◆ **Problem**
Beginning with the line that holds "iGear Dual USB", write out each line exactly as it stands until the end of the data, and include no pictures.

◆ **Data block**
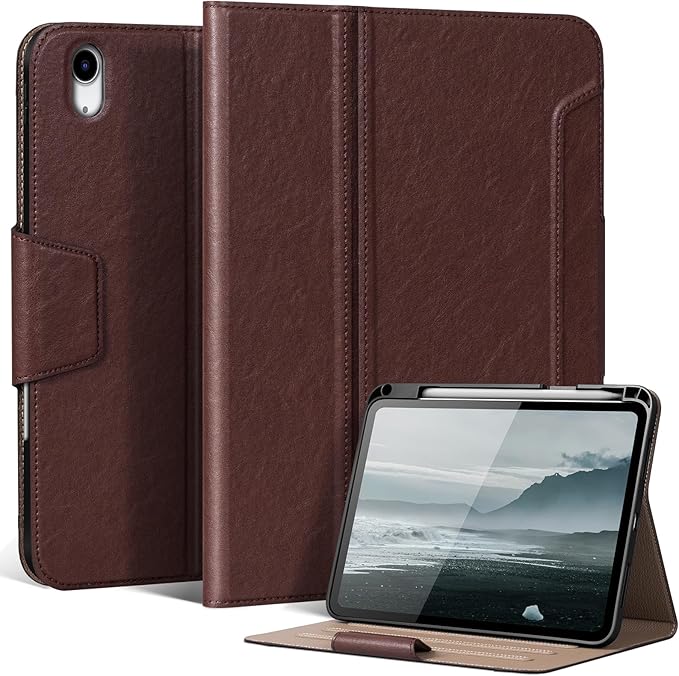 Leather Case for iPad Air 11 M4/M3/M2 (2026/2025/2024) &amp 10.9 5th/4th Gen (2020/2022) Leather Folio with Pencil Holder Auto Wake/Sleep Adjustable Stand Magnetic Closure- Red Brown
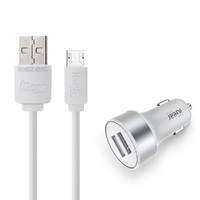 iGear Dual USB Car Charger with Micro USB Charging Cable White- main image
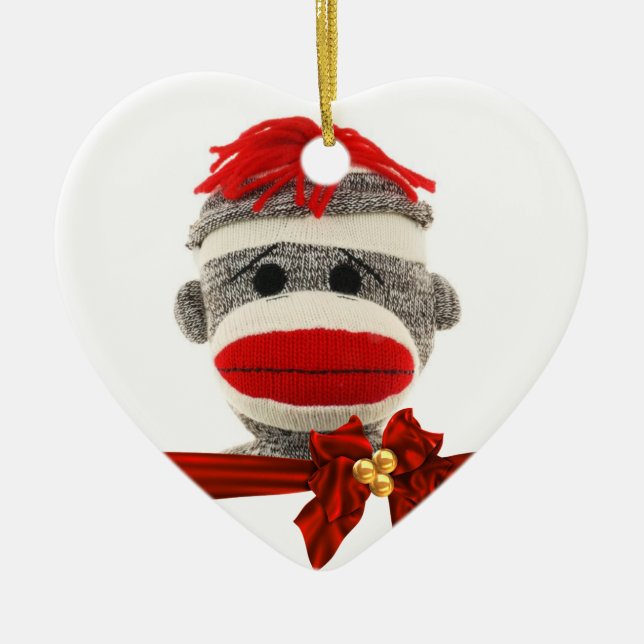 Personlig FÖR UTE SOCK MONKEY CHRISTMAS ORNAMENT (Framsidan)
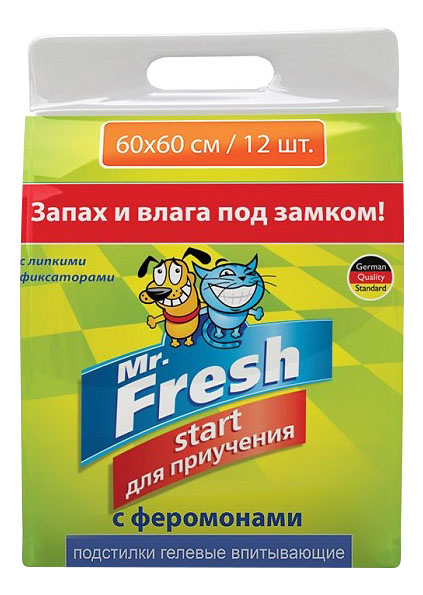 Пеленки для кошек и собак одноразовые Mr.Fresh Start 60 x 60 см, 12 шт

◆ **Solution to this task**
 iGear Dual USB Car Charger with Micro USB Charging Cable White- main image
 Personlig FÖR UTE SOCK MONKEY CHRISTMAS ORNAMENT (Framsidan)
 Пеленки для кошек и собак одноразовые Mr.Fresh Start 60 x 60 см, 12 шт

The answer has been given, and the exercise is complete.